E Bausani dice in queste ultime righe: «Per me la conoscenza di cose, la quantità di informazioni, insomma quello che si chiama ora con disprezzo "nozionismo" è, sì, rovinoso per i cretini, ma è un elemento essenziale della cultura. Invito pertanto i pochi che leggeranno il libro a non saltare le parti noiose, per esempio quella riguardante la lingua segreta dei Dogon, ma semmai a im-
xnipararla, a usarla per gioco con amici, e, meglio ancora, a inventarne qualcuna essi stessi».
La molteplicità dei suoi interessi, tra i quali, oltre le lingue (e a proposito di lingue, da ragazzo ne inventò una nuova con sua sorella Marisa per usarla con i suoi familiari) è da ricordare la matematica e l'astronomia come ben sanno gli studenti che hanno seguito i suoi corsi all'Università.

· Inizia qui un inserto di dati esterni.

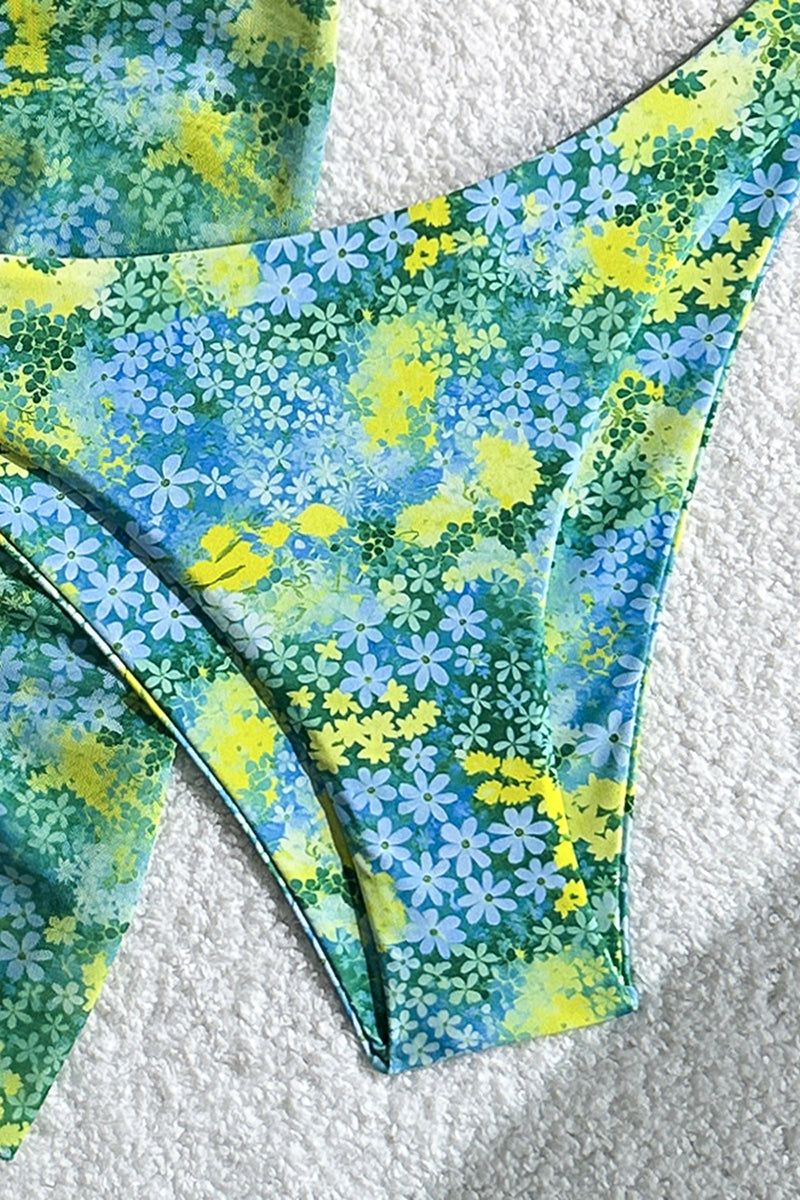 Floral Triangle Bikini with Sarong Set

Ma come riusciva a interessarsi di tante cose? Qual'era la molla che lo spingeva? La curiosità, come alcune volte egli stesso ha detto, la curiosità genuina che combinata ai talenti di cui era dotato gli consentiva di approfondire tutti i rami della conoscenza a cui si dedicava. Era cioè dotato di quella intuizione ragionata comunemente indicata come «genio».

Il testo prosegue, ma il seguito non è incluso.